It’s not nearly a knee-slapper, even by the low standards of presidential campaign humor, but it apparently achieved its desired effect. Reporter Jan Crawford of the CBS network was in attendance and immediately issued a “tweet” that there were “two reactions to his birth certificate joke: reporters gasped — and a crowd of thousands laughed and cheered.” Getting a crowd to laugh and cheer is the primary purpose of any joke, of course, but with the added benefit of causing reporters to gasp the line must be considered a success.

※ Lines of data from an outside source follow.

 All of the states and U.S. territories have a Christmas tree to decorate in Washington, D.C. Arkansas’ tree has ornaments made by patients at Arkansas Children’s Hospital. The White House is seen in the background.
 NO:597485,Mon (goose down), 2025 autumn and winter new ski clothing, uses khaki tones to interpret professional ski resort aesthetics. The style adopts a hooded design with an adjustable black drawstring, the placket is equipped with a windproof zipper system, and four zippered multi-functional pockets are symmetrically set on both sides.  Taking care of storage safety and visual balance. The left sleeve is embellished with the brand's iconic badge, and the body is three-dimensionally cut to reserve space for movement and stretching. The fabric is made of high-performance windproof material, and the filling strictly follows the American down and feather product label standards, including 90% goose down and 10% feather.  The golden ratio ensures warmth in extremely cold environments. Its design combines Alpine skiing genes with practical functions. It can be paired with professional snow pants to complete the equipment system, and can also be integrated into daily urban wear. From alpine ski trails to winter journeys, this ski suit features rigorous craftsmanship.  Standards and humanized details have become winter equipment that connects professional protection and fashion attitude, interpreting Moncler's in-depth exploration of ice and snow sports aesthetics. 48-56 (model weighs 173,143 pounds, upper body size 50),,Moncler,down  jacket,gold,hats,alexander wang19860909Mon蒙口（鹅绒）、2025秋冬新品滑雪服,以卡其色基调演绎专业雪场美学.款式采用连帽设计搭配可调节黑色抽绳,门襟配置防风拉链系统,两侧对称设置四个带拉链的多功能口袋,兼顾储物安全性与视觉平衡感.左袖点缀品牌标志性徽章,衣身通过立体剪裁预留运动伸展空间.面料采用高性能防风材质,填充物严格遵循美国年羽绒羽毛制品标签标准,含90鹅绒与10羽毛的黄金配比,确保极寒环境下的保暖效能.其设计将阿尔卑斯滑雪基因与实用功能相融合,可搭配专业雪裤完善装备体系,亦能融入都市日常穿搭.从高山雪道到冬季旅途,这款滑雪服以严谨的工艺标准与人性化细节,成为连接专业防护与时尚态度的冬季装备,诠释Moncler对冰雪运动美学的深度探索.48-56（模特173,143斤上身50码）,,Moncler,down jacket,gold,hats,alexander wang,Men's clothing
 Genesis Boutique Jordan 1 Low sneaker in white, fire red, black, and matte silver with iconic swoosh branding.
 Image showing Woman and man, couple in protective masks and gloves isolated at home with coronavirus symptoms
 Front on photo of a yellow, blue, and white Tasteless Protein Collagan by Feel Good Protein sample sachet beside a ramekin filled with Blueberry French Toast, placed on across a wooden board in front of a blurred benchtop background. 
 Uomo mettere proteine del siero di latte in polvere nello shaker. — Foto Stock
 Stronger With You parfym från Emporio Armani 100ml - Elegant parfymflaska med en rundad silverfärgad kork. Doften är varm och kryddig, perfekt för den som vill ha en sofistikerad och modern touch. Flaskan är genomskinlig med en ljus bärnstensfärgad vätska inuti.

Not only the reporters were scandalized by the reference to birth certificates, however, as many of the president’s other supporters also expressed shock and indignation that Romney would “go there.” Although a more objective listener might surmise that the line merely acknowledged the widely known fact that some Americans question whether Obama was born in the United States, Romney’s more excitable critics leaped to conclusion that it was intended as an endorsement of what has come to be known as the “birther” theory. Although Romney has long disputed the theory, and insisted that he is satisfied Obama was born in Hawaii, the folks at the lefty activist group MoveOn.org even rented a plane with an hilariously misspelled banner proclaiming that “America is better then birtherism.”
Such a reaction was so easily predictable that even some of Romney’s supporters have been moved to speculate why he would provoke it. The estimable Glenn “Instapundit” Reynolds and Ann Althouse, both law professors and widely-read internet commentators, simultaneously seized on the same idea that Romney had intended to imply to his audience, and to the millions more who would eventually hear of the line, that Obama has taken a “post-American” approach to the presidency and that Romney is “more truly and fundamentally American.” This seems a fair argument, given how Obama’s campaign in ’08 stressed his foreign background and global citizenship, that his own literary agent had peddled the born-in-Kenya story as a way of enhancing his exotic appeal, and that his approach to the presidency has indeed been “post-American,” so perhaps Reynolds and Althouse are on to something.
On the other hand, perhaps the joke was intended to provoke its predictable reaction merely to demonstrate how very thin-skinned and humorless the president and his supporters have become. Many of the president’s admirers insist that he be immune from the usual jabs and jibes of campaigning, a rule that John McCain slavishly obeyed to no useful effect in the ’08 race, and it’s also possible that Romney intended the joke to announce that he’s not going to be so constrained.